= Beginning of Section =

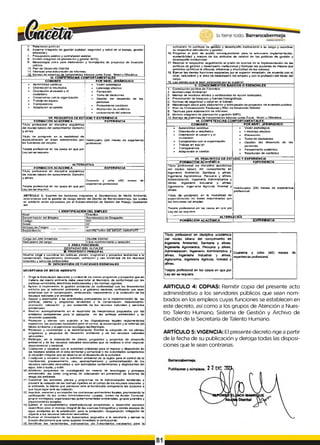 5. Relaciones publicas
6. Sisiem a integrado de gestión (calidad, seguridad y 6aiud en el trabajo, geslión
ambiental).
7 . Presupuesto público y contratación estatal.
8. Modelo integrado de planeación y gestión M |PG.
9. Metodología única pera elaboración y formulación de proyectos de inversión
pública.
10. Plan de Desarrollo Distrital
11. Técnicas para elaboración de informes.
12. Manejo de sistemas de berramienlas básicas como Excel. W ord y O fm ática.
VI. C O M P E TE N C IA S C O M P O R TA M E NTA LES
C O M U N ES P O R NIVEL JE R A R Q U IC O
♦ Aprendizaje continuo
♦ Orientación a resultados.
♦ Orientación al usuario y al
ciudadano
♦ Com prom iso con la organización
♦ Trabajo e n equipo
♦ T ransparenda
♦ Adaplación a l cambio
* Visión estratégica
* Liderazgo efectivo
* Planeación
* Tom a de decisiones
* Gestión del desarrollo óe las
personas
* Pensamiento sietémico
*■ Resolución de conflictos
* conocimiento del entorno
VIL R E Q U IS ITO S DE E STU D IO Y E X P E R E N C IA
FO R M A C IO N A C A D E M IC A E X P E R IE N C IA
Titulo profesional en discipína académica
del núcleo básico del conocimiento: Derecho
y afines.
Titulo de postgrado en la modalidad da
especialización en áreas relacionadas con
tes funciones del empleo.
Tarjeta profesional en los casos en que por
Ley asi se requiera
Veinticuatro (2 4 ) meses de experiencia
profesional.
A L T E R N A T IV A
FO R M A C IO N A C A D E M IC A E X P E R IE N C IA
Titulo profesional en discipína académica
del núcleo básico del conocimiento: Derecho
y afines.
Tarjeta profesional en los casos en que por
Ley así se requiera
Cuarenta y ocho (4&) meses de
experiencia profesional.
A R TIC U LO 3: Suprimir las funciones asignadas al Secretarlo(a) de Medio Ambiente,
relacionadas con la gestión de riesgo dentro del Distrito d e 8arrancaberm eja, las cuales
en adelante serán ejecutadas por e l Subsecretario(a) da Gestión del Riesgo, Quedando
así:
1. ID E N TIFIC A C IO N D E L E M P LEO
Nivel: Directivo
Denominación del Empleo Secretártele) d e Despacho
Código 020
Grado: 02
Núm ero de Cargos: 01
Dependencia: S EC R E TA R IA DE M EDIO AM B IÉN TE
Cargo del Jefe Inmediato: Alcalde Distrital
Naturaleza del cargo: Libre nombramiento y remoción
II. Á R E A F U N C IO N A L "
D E S P A C H O DEL ALCALDE
ií. P R O P Ó S ITO P R U C IP A L
Diseñar d irig r y coordinar las políticas, planes, programas y proyectos tendientes a La
conservación, mejoramiento, promoción, valoración y uso sosten ible de IOS recursos
naturales y servicios ambientales ______________________________________________________
IV. D E S C R IP C IO N DE F U N C IO N E S E S E N C IA LE S
S E C R E TA R IA D E M E D IO AM B IEN TE
1. Dirigir le formulación ejecución y control de los planes programas y proyectos que en
materia del medio ambiente debe desarrollar el Municipio, de conformidad con las
políticas nacionales, directrices institucionales y las norm as vigentes.
2. Aplicar e imple mentar la gestión ambiental de conformidad con los líneamientos
emilidos por la aulondad am biental y el gobierno nacional» verificando que sean
armónicas con la conservación, restauración, mejoramiento y la protección d e los
recursos naturales y el amblen le,
3. Apoyar y acom pasar a las autoridades compelernos en la implementación de las
políticas, ptane6 y programas tendientes a la conservación, mejoramiento,
promoción, valoración y uso sostenible de los recursos naturales y servicios
ambientales
4 . Realizar acompañam iento en el desarrollo de m ecanism os propuestos por las
entidades competentes para la ejecución de las políticas ambientales y de
desarrollo sostenible.
5. Promover y ejercer con sujeción a las disposiciones legales reglamentarias
superiores, Jas acciones necesarias para el control, la conservación y la defensa del
Medio Am biente y el patrimonio ecológico del Municipio.
6. Promover y recom endar a la Administración Dislrital la adopción de los ptanes.
programas y proyectos de desarrollo ambienta! y d e los recursos naturales
renovables.
7. Participar, en la elaboración de planes, program as y proyectos de desarrollo
ambiental y de los recursos naturales renovables que se reaticen a nivel regional,
departam ental y nacional.
8. Coadyuvar y cooperar con la autoridad am biental para e l m anejo y disposición de
los residuos sólidos en el área territorial y com unicar a las autoridades competentes
la situación Irregular que se observe en e l desarrollo d e ta actividad.
9. Coadyuvar y cooperar con ia autoridad ambiental de la región para el control de la
movilización, procesamiento, uso, aprovechamiento y comercialización de los
recursos naturales renovables o con actividades contam inantes y degradantes def
agua, aire o suelo, y ruido.
10. Adelantar programas de investigación en materia de tecnologías y procesos
am bientales, asi como programas de adecuación e n prevención de factores de
riesgo del ambiente.
11. Coordinar las acciones, planes y programas de la Administración tendientes a
prevenir l» violación de las normas vigentes en el cam po de los recursos naturales y
el am biente, lo mismo que promover ante el funcionario oompetente las acciones a
que haya lugar ante su violación.
12. Impulsar, asesorar y acom pañar las comisiones ambientales locales, promoviendo la
participación de les Juntas Administradoras Locales, Juntas de Acción Comunal,
grupos ecológicos, organizaciones gubernam entales ambientales, grupos juveniles y
organizaciones sociales.
13. Ejercer el acom pañam iento ínterinstítucional encam inado a desarrollar acciones
especificas para el m anejo integral de las cuencas hidrográfica y dem ás espejos de
agua existentes en la jurisdicción, para la protección, recuperación, mitigación de
impacto a los recursos naturales renovables.
14. Evaluar el desem peño de los funcionarios asignados a la secretaria y ejercer la
función disciplinarla que como superior inmediato le corresponde.
15. Identificar las herramientas, instrumentos y/o fineamientos necesarios para ía_
aplicación de políticas de gestión y desem peño institucional a su cargo y coordinar
su respectiva articulación y gestión.
16. Proponer el plan de acción correspondiente para la adecuada ¡m plem entación.
sostenibilidad y m ejora d e los atributos de calidad de las políticas d e gestión y
desem peño institucional.
17. R ealizar el respectivo seguim iento a l grado de avance de la Im plem entación de las
políticas de gestión y desem peño institucional y form ular las acciones de m ejora que
perm ítan optim izar la eficacia, eficiencia y efectividad d e fas m ism as.
16. Ejercer las d em ás funciones asignadas por e l superior inm ediato, de acuerdo con el
nivel, naturaleza y ei área de desem peño del em pleo y con la profesión d el titular del
cargo,
19, Las dem ás q ue le sean asignadas por su superior.
V . C O N O C IM IE N T O S B A S IC O S O E S E N C IA L E S
1. Constitución poiitlca de Colombia,
2. Norm atividad Am biental:
3. M anejo de residuos sólidos y vertim ientos de aguas residuales.
4. Preservación de bosques y fuentes hidrográficas.
5 . Norm as de seguridad y salud en el trabajo,
6. Metodología única para elaboración y form ulación d e proyectos d e inversión pública.
7 . Plan de O rdenam iento Territorial y Plan d e Desarrollo Distrital
8. Técnicas para elaboración de informes.
9. M odelo integrado de planeación y geslión M IP G .
10. M anejo de sistem as de h enam ientas básicas com o Excel. W ord y O fim ática.
V !+C O M P E T E N C IA S C O M P O R T A M E N T A L E S .
C O M U N E S P O R N IV E L J E R A R Q U IC O
* A prendizaje continuo
* Orientación a resultados,
* Orientación al usuario y al
ciudadano
* Com prom iso con la organización
* Trabajo en equipo
* Transparencia
* Adaptación al cam bio
* Visión estratégica
• Liderazgo efectivo
• Planeación
♦ Tom a de decisiones
♦ G estión def desarrollo de las
personas
♦ P ensam iento sistém ico.
* Resolución de conflictos
V il. R E Q U IS IT O S D E E S TU D IO Y E X P E R IE N C IA
F O R M A C IO N A C A D E M IC A E X P E R IE N C IA
Título profesional e n disciplina académ ica
del núcleo básico del conocim iento en
ingeniería Am biental, S anitaria y afines.
Ingeniería Agronóm ica, Pecuana y afines.
Adm inistración, Ingeniería Administrativa y
afines, Ingeniería Industrial y afines,
Agronom ía, Ingeniería Agrícola, forestal y
afines.
Titulo de postgrado en la m odalidad d e
especialización en áreas relacionadas con
tas funciones del em pleo.
Veinticuatro (2 4 ) m eses de experiencia
profesional.
Tarjeta profesional e n los casos en que por
Ley asi se requiera.
A L T E R N A T IV A
F O R M A C IÓ N A C A D É M IC A E X P E R E N C IA
T ítu lo p ro fe s io n a l e n d is c ip lin a a c a d é m ic a
d e l n ú d e o b á s ic o d e l c o n o c im ie n to e n
In g e n ie ría A m b ie n ta l, S a n ita ria y a fin e s .
In g e n ie ría A g ro n ó m ic a . P e c u a ria y a fin e s .
A d m in is tra c ió n In g e n ie ría A d m in is tra tiv a y
a fin e s . In g e n ie ría In d u s tria l y a fin e s.
A g ro n o m ía , In g e n ie ría A g ríc o la , fo re s ta l y
a fin e s .
T a rje ta p ro fe s io n a l e n lo s c a s o s en q u e p o r
L e y a s í s e re q u ie ra .
C u a re n ta y o c h o (4 6 ) m e s e s d e
e x p e rie n c ia p ro fe s io n a l.
ARTICULO 4: COPIAS: Remitir copia del presente acto
administrativo a los servidores públicos que sean nom­
brados en los empleos cuyas funciones se establecen en
este decreto, así como a los grupos de Atención a Nues­
tro Talento Humano, Sistema de Gestión y Archivo de
Gestión de la Secretaría de Talento Humano.
ARTÍCULO 5: VIGENCIA: El presente decreto rige a partir
de la fecha de su publicación y deroga todas las disposi­
ciones que le sean contrarias.
81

= End of Section =

▶ Assignment
Only the lines above starting with the one with "1. ID E N TIFIC A C IO N D E L E M P LEO" and going through the one with "políticas nacionales, directrices" are to be copied, word for word and with both ends kept.

▶ Result for this exercise
1. ID E N TIFIC A C IO N D E L E M P LEO
Nivel: Directivo
Denominación del Empleo Secretártele) d e Despacho
Código 020
Grado: 02
Núm ero de Cargos: 01
Dependencia: S EC R E TA R IA DE M EDIO AM B IÉN TE
Cargo del Jefe Inmediato: Alcalde Distrital
Naturaleza del cargo: Libre nombramiento y remoción
II. Á R E A F U N C IO N A L "
D E S P A C H O DEL ALCALDE
ií. P R O P Ó S ITO P R U C IP A L
Diseñar d irig r y coordinar las políticas, planes, programas y proyectos tendientes a La
conservación, mejoramiento, promoción, valoración y uso sosten ible de IOS recursos
naturales y servicios ambientales ______________________________________________________
IV. D E S C R IP C IO N DE F U N C IO N E S E S E N C IA LE S
S E C R E TA R IA D E M E D IO AM B IEN TE
1. Dirigir le formulación ejecución y control de los planes programas y proyectos que en
materia del medio ambiente debe desarrollar el Municipio, de conformidad con las
políticas nacionales, directrices institucionales y las norm as vigentes.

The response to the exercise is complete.